We can expect more ‘knocking' campaigns in the retail coffee industry, a marketing magazine has said following Costa's new advertising campaign, which consists of a direct attack on Starbucks.

Costa has created a poster campaign, in which the brand says ‘the people have voted', and ‘sorry Starbucks, seven out of ten prefer Costa'.

Launching the campaign, Costa has said: "Contrary to popular belief, all coffee is not the same, according to the leading independent research company specializing in taste comparison tests. The cappuccino handcrafted by Costa's highly-skilled baristas beats that of Starbucks and Nero by an unprecedented margin."

The campaign is based on some research carried out in November and December, in which taste tests were carried out at neutral venues positioned close to branches of Costa, Starbucks and Caffè Nero. Runners were sent to each store and brought back camouflaged cappuccinos for ‘blind' taste tests.

The result, says Costa, was that seven out of ten customers who described themselves as ‘coffee lovers' preferred Costa's cappuccino to Starbucks', and more or less the same figure preferred Costa to Caffè Nero; Costa claims that its cappuccino was also preferred by those who stated themselves to be regular customers of the other two brands.

Costa said it will capitalise on the research findings with its first ever national advertising, a ‘confident and punchy campaign' to run throughout the UK in national press and online, as well as regional outdoor and breakfast radio promotions. The campaign is reported to cost £1.5 million.

Explaining the campaign, Costa marketing director Jim Slater said: "It is extremely rare to win a head-to-head blind-taste test by such an emphatic margin. When you consider that most coffee drinkers currently think that all coffee is broadly the same, the time is ripe for us to agitate discussion about our product superiority."

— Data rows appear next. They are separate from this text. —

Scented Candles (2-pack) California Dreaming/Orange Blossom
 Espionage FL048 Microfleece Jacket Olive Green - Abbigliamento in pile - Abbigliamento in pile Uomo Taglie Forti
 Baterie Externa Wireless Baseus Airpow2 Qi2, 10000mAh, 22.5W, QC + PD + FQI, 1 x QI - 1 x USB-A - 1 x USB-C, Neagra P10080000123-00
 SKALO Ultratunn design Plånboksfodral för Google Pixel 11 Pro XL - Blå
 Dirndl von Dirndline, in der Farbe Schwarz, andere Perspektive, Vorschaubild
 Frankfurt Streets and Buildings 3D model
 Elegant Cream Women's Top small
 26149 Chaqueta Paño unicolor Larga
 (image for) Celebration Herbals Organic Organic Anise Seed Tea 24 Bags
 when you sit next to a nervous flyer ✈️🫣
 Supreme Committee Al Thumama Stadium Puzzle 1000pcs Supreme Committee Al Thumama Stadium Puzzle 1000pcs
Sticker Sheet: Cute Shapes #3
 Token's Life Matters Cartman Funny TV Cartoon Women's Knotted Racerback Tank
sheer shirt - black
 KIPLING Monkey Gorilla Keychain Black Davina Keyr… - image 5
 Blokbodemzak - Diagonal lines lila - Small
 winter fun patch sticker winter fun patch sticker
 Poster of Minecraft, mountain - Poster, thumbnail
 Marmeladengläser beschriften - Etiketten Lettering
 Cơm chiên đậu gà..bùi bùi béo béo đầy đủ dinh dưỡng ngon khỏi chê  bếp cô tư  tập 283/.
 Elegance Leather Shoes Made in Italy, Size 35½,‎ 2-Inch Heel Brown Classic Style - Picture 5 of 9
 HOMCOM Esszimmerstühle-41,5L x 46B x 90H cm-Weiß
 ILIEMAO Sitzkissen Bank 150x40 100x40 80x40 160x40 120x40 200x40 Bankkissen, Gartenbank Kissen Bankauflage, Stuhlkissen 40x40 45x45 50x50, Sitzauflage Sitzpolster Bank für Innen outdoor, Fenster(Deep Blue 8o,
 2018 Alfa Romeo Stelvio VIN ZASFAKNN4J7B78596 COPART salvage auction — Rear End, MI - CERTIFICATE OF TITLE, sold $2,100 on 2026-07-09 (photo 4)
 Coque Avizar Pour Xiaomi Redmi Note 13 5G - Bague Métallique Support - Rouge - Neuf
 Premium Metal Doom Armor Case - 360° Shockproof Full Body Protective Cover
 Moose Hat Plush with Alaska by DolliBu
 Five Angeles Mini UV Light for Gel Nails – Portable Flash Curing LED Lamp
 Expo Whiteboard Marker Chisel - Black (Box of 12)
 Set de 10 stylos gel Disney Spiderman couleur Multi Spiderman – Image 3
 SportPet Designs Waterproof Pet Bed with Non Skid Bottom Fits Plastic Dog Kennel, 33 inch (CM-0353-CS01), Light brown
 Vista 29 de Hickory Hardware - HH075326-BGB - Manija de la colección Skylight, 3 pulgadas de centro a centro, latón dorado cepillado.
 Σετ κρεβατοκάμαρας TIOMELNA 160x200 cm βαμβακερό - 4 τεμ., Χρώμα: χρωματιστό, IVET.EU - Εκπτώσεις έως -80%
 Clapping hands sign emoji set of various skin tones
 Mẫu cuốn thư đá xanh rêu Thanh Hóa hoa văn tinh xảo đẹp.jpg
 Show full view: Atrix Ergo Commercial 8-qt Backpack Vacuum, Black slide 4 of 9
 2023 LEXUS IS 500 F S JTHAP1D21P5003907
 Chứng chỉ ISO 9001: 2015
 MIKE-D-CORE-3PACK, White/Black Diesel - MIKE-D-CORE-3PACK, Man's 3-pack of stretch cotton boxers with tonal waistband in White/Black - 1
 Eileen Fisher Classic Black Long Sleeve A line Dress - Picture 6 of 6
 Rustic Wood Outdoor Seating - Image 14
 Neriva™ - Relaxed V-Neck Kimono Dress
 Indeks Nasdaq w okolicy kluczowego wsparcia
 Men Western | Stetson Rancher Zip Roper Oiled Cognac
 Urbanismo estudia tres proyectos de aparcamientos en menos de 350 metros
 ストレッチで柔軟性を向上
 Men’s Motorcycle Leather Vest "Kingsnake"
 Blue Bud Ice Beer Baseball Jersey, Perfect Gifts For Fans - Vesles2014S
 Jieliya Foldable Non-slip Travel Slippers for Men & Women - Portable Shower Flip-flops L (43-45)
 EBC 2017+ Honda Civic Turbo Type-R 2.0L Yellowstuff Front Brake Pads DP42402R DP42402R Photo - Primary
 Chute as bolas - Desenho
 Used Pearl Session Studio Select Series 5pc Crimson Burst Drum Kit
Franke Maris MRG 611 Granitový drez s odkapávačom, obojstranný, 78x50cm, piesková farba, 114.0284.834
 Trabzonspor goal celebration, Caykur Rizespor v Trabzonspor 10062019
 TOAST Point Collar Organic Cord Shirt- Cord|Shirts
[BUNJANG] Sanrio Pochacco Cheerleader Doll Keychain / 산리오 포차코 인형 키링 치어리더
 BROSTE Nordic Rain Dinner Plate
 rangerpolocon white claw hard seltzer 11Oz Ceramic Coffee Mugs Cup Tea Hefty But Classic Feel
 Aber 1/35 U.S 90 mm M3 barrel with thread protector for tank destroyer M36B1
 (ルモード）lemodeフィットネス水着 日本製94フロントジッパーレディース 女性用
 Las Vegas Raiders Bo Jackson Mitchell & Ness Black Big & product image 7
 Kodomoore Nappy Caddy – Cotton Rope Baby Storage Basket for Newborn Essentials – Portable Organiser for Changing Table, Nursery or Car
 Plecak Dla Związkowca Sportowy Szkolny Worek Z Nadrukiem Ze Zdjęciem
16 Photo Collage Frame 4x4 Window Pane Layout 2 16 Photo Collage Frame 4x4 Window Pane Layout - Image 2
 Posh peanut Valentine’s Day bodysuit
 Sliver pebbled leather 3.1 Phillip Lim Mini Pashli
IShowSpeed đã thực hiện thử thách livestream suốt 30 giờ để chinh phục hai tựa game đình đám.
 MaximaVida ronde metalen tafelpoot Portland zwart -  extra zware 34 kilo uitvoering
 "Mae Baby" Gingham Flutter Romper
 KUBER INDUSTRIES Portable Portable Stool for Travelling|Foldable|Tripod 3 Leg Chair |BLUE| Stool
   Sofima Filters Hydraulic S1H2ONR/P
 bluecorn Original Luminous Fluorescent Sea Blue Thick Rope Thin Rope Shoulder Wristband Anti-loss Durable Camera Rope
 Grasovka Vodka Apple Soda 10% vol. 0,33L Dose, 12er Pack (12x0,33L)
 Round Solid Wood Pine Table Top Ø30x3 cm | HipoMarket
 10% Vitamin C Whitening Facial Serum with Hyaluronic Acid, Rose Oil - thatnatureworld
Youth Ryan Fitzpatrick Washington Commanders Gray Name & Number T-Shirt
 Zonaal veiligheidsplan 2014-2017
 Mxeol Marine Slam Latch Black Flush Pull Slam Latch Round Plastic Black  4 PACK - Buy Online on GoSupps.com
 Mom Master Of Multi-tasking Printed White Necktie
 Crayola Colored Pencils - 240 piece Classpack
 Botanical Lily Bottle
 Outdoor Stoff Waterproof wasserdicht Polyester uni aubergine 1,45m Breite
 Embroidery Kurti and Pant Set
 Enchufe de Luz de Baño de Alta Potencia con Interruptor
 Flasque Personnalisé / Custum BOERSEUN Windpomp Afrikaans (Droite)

Marketing magazine, sounding a little unimpressed, commented: "One of the clearest hints that a market is maturing is an inability to find consumers new to the segment… Costa's campaign certainly seems to suggest that new custom is harder to come by.

"Using advertising to knock a competitor is a strategy that is often criticised by experts who believe it serves only to weaken a sector and cheapen the brand involved."

However, Marketing also suggests the economic downturn will bring a rise in such marketing techniques in the coffee sector.